Some school districts are paying more than $20,000 a year per employee. Although Westport has bargained itself down to paying only 50 percent of the insurance premium for a town employee, it, because of its small pool of employees, pays more than $9,000 per employee. Winthrop, another town with a 50-50 split, pays $8670. Another small district paying astronomical contributions to health insurance is Nantucket, which, with its 90 percent employer contribution to Blue Cross/Blue Shield, pays nearly $22,000 per school employee.

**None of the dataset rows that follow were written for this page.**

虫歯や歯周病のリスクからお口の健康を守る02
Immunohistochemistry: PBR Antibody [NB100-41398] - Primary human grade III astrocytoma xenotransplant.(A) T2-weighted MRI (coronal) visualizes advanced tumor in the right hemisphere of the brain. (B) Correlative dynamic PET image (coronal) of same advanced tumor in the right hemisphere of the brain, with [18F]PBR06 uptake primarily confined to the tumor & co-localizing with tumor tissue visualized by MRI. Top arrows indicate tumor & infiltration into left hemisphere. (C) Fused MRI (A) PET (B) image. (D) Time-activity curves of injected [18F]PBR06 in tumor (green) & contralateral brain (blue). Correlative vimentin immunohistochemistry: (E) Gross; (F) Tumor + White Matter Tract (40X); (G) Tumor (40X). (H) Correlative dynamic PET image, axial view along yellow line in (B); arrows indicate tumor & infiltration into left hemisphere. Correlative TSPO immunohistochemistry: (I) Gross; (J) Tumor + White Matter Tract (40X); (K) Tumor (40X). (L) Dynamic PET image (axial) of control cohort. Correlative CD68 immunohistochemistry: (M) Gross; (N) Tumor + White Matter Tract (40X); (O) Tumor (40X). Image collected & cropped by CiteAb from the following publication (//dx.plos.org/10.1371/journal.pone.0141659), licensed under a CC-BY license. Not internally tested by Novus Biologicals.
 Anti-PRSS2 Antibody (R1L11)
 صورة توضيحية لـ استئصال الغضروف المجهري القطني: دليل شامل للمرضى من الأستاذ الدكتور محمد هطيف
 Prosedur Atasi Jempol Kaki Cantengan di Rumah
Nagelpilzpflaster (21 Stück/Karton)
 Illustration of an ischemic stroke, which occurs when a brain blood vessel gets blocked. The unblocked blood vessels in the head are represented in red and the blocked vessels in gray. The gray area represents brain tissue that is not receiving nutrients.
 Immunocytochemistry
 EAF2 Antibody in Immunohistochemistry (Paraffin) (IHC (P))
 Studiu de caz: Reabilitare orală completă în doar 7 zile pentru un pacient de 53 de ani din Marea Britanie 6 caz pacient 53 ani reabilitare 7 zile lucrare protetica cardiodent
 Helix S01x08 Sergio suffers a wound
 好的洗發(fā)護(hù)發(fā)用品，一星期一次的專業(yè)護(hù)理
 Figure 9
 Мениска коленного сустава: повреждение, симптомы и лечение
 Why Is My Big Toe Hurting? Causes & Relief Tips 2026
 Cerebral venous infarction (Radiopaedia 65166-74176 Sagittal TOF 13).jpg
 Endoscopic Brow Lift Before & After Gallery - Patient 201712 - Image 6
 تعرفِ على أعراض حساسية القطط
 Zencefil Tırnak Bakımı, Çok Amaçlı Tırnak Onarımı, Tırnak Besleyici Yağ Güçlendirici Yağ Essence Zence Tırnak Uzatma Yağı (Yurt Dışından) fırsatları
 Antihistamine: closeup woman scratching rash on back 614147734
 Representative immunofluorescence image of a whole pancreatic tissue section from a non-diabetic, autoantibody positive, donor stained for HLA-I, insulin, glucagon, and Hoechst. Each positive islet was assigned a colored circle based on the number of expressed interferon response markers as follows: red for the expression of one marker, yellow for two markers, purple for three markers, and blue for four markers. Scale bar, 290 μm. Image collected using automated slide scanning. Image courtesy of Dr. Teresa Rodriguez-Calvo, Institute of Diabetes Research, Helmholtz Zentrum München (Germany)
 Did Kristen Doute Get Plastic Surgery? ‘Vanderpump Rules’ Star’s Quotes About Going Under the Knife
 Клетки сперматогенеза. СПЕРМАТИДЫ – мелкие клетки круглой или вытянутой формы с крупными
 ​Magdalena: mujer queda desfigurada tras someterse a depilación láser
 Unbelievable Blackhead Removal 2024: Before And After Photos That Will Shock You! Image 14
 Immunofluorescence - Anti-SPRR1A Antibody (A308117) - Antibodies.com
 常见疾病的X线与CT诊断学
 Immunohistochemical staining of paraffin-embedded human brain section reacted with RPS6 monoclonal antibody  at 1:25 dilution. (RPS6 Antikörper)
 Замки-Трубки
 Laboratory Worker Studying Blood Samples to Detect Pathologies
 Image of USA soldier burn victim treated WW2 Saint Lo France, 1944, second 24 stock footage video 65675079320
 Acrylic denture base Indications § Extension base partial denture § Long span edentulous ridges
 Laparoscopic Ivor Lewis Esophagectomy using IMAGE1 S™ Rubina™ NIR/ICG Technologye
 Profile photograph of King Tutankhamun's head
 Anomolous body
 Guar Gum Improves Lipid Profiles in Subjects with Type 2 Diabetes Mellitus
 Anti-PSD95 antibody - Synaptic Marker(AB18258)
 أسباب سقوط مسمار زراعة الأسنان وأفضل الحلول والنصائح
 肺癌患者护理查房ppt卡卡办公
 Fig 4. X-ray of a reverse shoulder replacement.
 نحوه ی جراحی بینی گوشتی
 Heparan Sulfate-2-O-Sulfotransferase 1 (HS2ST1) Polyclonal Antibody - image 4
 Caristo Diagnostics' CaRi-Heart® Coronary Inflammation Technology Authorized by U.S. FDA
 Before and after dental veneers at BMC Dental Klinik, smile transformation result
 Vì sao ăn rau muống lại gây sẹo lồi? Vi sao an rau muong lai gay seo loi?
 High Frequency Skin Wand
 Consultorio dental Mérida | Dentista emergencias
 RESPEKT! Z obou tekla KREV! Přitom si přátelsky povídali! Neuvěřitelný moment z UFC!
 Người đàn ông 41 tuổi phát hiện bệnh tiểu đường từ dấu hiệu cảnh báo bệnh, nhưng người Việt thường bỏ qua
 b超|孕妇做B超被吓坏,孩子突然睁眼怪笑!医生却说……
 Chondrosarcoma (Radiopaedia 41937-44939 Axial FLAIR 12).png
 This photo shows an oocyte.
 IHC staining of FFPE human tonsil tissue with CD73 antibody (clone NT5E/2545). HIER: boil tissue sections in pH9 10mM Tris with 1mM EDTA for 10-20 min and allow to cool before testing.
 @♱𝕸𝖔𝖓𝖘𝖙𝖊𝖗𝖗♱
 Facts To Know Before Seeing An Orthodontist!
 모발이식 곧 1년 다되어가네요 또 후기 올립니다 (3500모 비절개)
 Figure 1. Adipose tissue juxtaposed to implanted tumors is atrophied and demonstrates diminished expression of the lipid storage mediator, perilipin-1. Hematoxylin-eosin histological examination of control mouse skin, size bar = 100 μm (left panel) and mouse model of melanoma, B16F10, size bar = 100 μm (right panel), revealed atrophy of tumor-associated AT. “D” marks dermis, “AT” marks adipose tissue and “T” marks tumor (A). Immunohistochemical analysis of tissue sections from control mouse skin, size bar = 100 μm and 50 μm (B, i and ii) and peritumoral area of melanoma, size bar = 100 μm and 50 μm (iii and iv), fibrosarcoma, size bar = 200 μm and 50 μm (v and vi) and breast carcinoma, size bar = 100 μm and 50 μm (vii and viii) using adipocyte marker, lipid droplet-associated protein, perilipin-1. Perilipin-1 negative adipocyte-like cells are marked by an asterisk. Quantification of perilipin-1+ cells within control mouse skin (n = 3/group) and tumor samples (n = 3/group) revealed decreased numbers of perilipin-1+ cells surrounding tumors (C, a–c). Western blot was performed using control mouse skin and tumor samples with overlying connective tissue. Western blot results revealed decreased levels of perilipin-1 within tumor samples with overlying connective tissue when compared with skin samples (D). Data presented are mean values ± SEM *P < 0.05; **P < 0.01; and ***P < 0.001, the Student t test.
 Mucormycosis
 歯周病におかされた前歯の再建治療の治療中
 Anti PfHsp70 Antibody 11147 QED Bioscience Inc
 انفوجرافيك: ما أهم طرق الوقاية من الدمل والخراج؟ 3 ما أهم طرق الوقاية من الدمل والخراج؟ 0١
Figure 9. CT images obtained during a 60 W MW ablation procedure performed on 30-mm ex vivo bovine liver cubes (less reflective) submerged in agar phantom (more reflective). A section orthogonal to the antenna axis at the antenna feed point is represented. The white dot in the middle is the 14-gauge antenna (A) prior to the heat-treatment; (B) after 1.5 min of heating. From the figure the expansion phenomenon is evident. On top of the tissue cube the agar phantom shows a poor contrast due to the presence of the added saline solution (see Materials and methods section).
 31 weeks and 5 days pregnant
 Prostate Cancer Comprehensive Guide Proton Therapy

The larger districts fare no better, since they tend to pay larger portions (75–99 percent) of the premiums. A sampling of the current per capita health insurance costs for several urban Massachusetts school districts[ii] and an estimate of the yearly savings they would enjoy by participating in GIC follows:

District            FY06District Contribution       Approx. Total Savings
Per Teacher              with GIC         

            Boston                         $13,672                           $45,658,000           

Brockton                     $11,934                            $9,061,000

Cambridge                  $20,200                            $9,758,000

Haverhill                     $13,702                            $5,396,000

Lawrence                    $16,645                           $11,740,000

Lowell                         $9732                               $6,856,000

Peabody                      $14,100                            $4,903,000

Springfield                  $10,820                           $16,202,000

Worcester                    $15,412                           $20,449,000

Suburban districts across the state are in the same situation as the urban districts, and in this time of especially tight budgets, even with the influx of new Chapter 70 money, they would also benefit from a statewide system of health insurance for teachers:

District            FY06District Contribution     Approx. Total Savings
per Teacher             with GIG

Acton                          $12,415                                   $1,214,700

Lincoln-Sudbury         $9457                                      $780,666

Longmeadow              $7313                                      $857,172

Marlborough               $13,481                                   $3,399,000

Nantucket                   $21,663                                   $2,500,820

North Adams              $11,990                                   $1,466,000

Weston                        $21,737                                   $3,569,000

Districts should be making their insurance contributions to the lager GIC pool, instead of separate plans. By following the proposed plan to include their teachers in a statewide insurance pool administered by GIC, the savings realized in these 16 municipalities alone would be almost $150 million per year. The savings from 350 districts would be proportionately greater. In a time in which more than one hundred Massachusetts schools have been identified as having more than half their students failing the MCAS for more than two years in a row, and when fewer than 40 percent of the students in our state are proficient in mathematics, and only 44 percent are proficient in English language arts (according to the National Assessment of Educational Progress), that money can be much better spent elsewhere.

Conclusion

The magnitude of the savings that would result from this policy change—money that could and should be pumped into targeted education reform—is quite astonishing, but there will be resistance from teachers unions as well as from the municipalities who will be saving all of the money. Local control is a precious thing in New England, especially when dealing with an intimate issue such as health care. Also, even though premiums under the GIC will be considerably less for most teachers (for instance, the 15 percent contribution to the state plan is significantly less than even the 10 percent [~$1400/year] contribution a Peabody teacher currently makes, because of the economies of scale in the GIC), many will still object to letting the state set the percentage, especially when it is on paper higher than the presently bargained contribution.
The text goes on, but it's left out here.